Wird es heuer manche Fahrgeschäfte gar nicht mehr auf der Wiesn geben? Oder werden sie zumindest deutlich teurer? Seltsame Fragen, denn eigentlich müsste sich das größte Volksfest der Welt doch besonders rentieren. Ob Achter- oder Geisterbahn, ob Kinder- oder Kettenkarussell, ob Free Fall oder Wilde Maus: Tatsächlich sehen sich viele Schausteller derzeit in ihrer Existenz bedroht.

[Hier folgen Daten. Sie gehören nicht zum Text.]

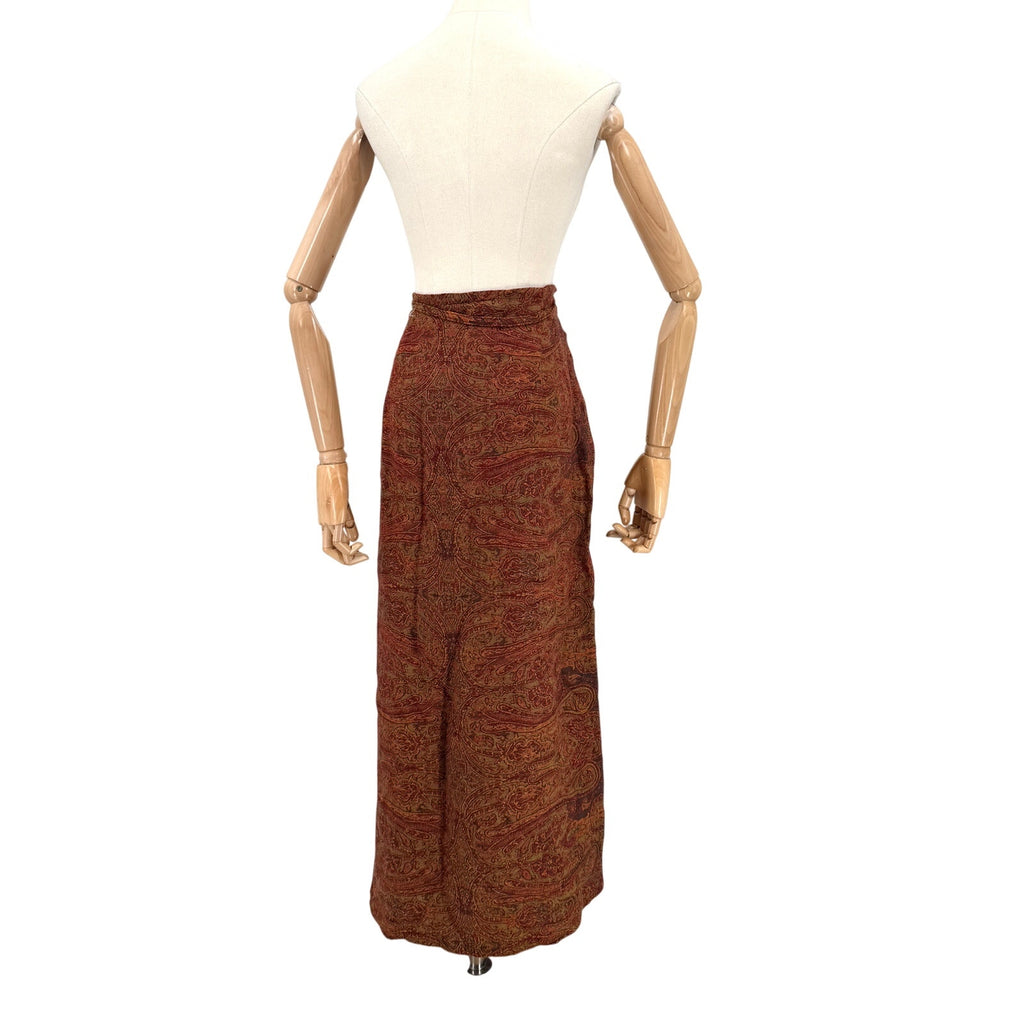 Vintage 90s Tasha Polizzi Red Olive 100% Wool Paisley Boho Wrap Skirt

Und das liegt an der EU-Norm 13814 - zusammen mit dem faktischen Monopol, das die Stadt dem TÜV Süd zugesteht bei der Überprüfung von Fahrgeschäften auf dem Oktoberfest. Denn weil es in Deutschland bislang noch keine einheitliche gesetzliche Regelung für die Anwendung der EU-Norm gibt, können die Prüfstellen momentan viel mehr Prüfungen ansetzen als bisher. Je nach Größe des Fahrgeschäfts kann das bis zu 120 000 Euro kosten. Das klingt, als wäre es eine Gelddruckmaschine.

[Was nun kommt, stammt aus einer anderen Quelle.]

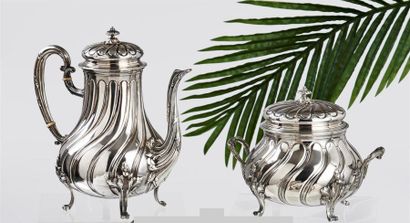 THEIERE et SUCRIER couvert en argent 950°/oo...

Wovor die Schausteller Angst haben

Bislang waren solche Sonderprüfungen bei großen Fahrgeschäften nur alle zwölf Jahre erforderlich, bei kleineren alle vier bis sechs Jahre. Derzeit aber können sie sogar jährlich verlangt werden - wenn die Prüfstelle das für nötig hält. Im schlimmsten Fall drohen also im gleichen Zeitraum die zwölffachen Kosten. "Wenn der TÜV will", sagt ein Schausteller, "dann lässt er mich jedes Jahr die gesamte Anlage zerlegen, per Sandstrahl abschleifen und jede einzelne Schraube vorzeigen. Die Kosten dafür sind natürlich immens."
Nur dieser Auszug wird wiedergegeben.